→ TASK REQUIREMENTS
Only the text should come through, so restate the listing exactly and drop its images.

→ SUPPLIED ENTRIES
────────────────────────────────────────

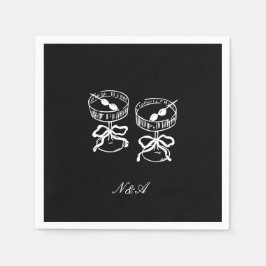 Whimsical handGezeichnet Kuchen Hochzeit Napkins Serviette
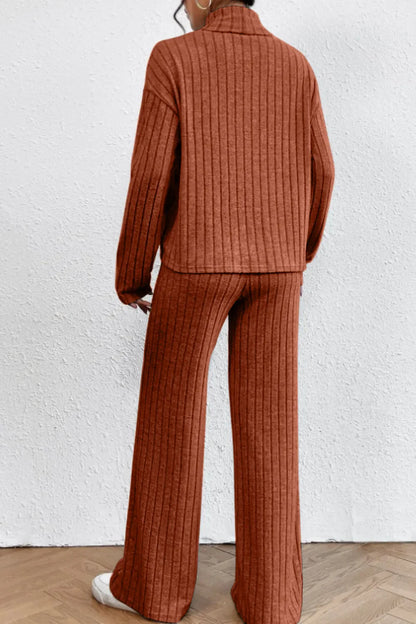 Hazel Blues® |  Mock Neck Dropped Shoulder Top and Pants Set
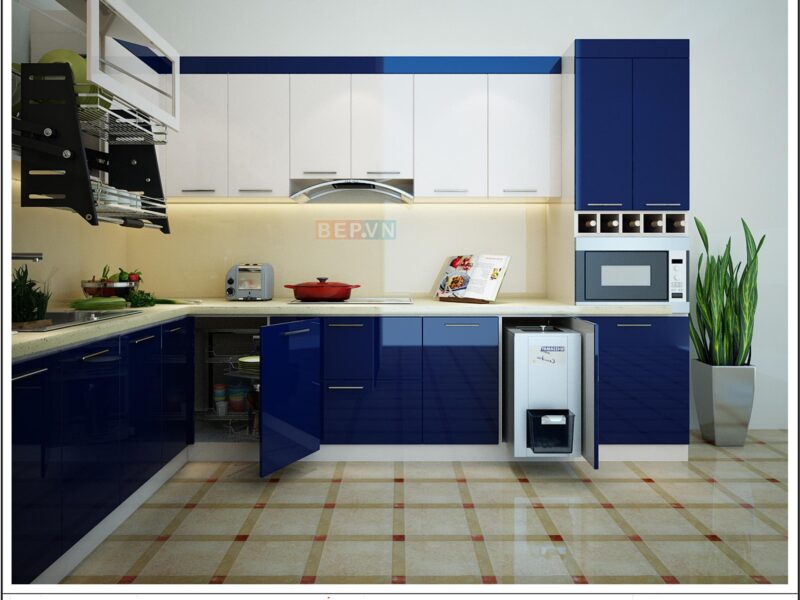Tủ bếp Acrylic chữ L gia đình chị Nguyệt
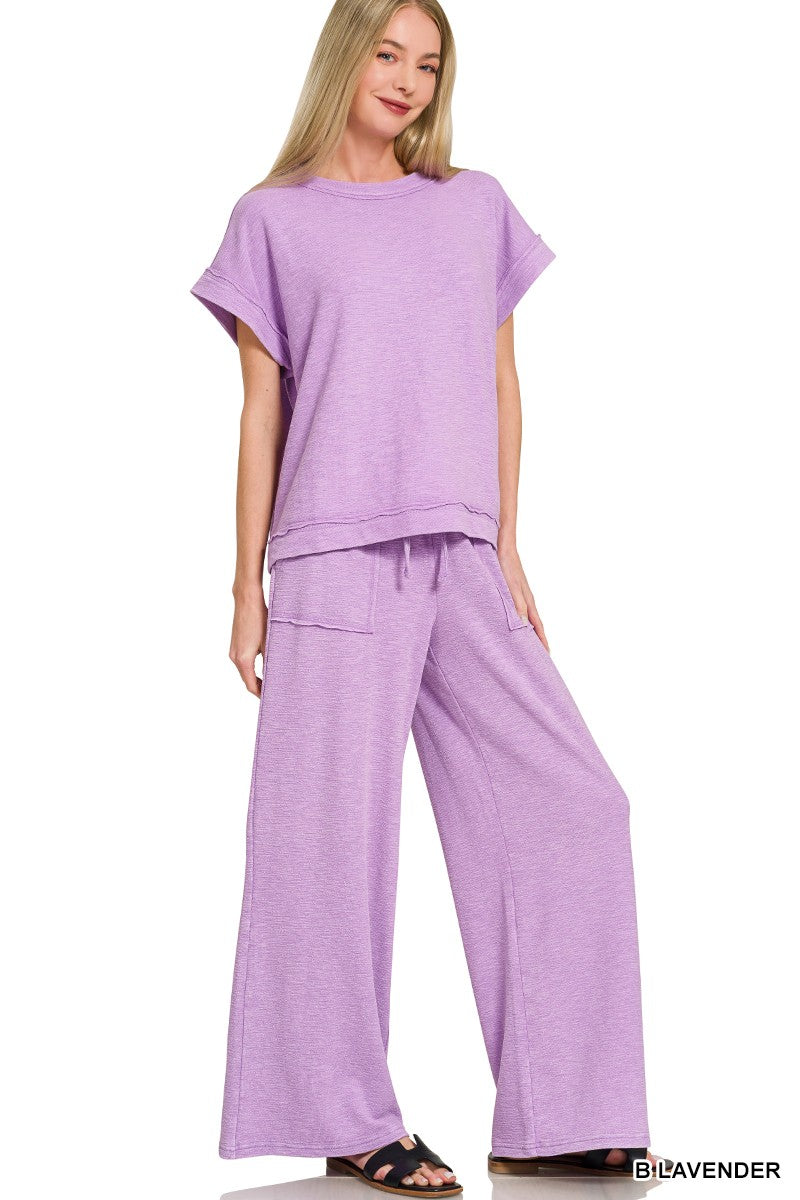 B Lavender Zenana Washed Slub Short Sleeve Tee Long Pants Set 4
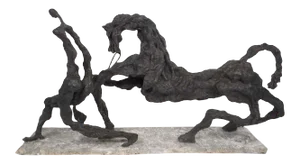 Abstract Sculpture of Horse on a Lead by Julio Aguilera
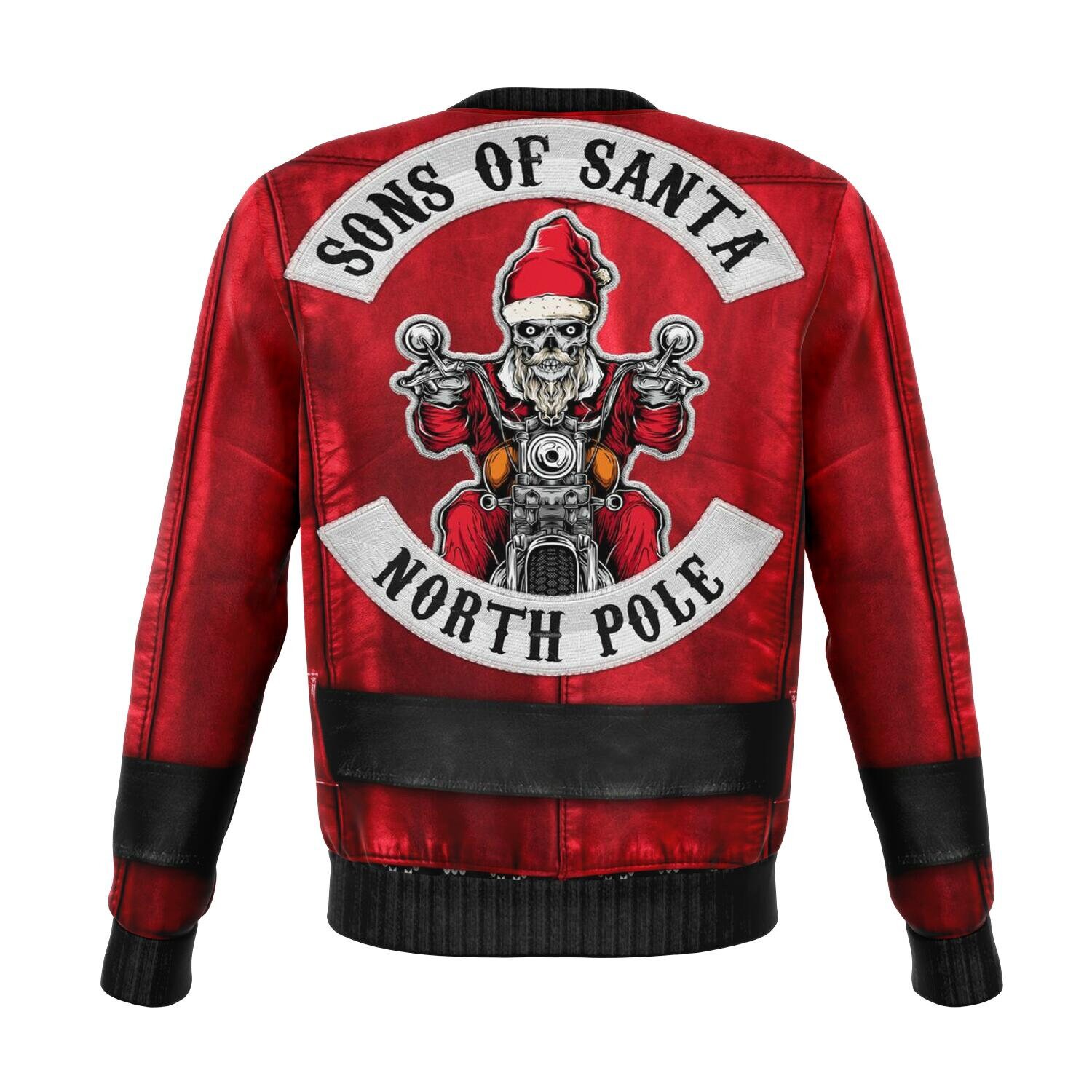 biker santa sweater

────────────────────────────────────────

→ RESULT OF THE TASK
 Whimsical handGezeichnet Kuchen Hochzeit Napkins Serviette
 Hazel Blues® |  Mock Neck Dropped Shoulder Top and Pants Set
Tủ bếp Acrylic chữ L gia đình chị Nguyệt
 B Lavender Zenana Washed Slub Short Sleeve Tee Long Pants Set 4
 Abstract Sculpture of Horse on a Lead by Julio Aguilera
 biker santa sweater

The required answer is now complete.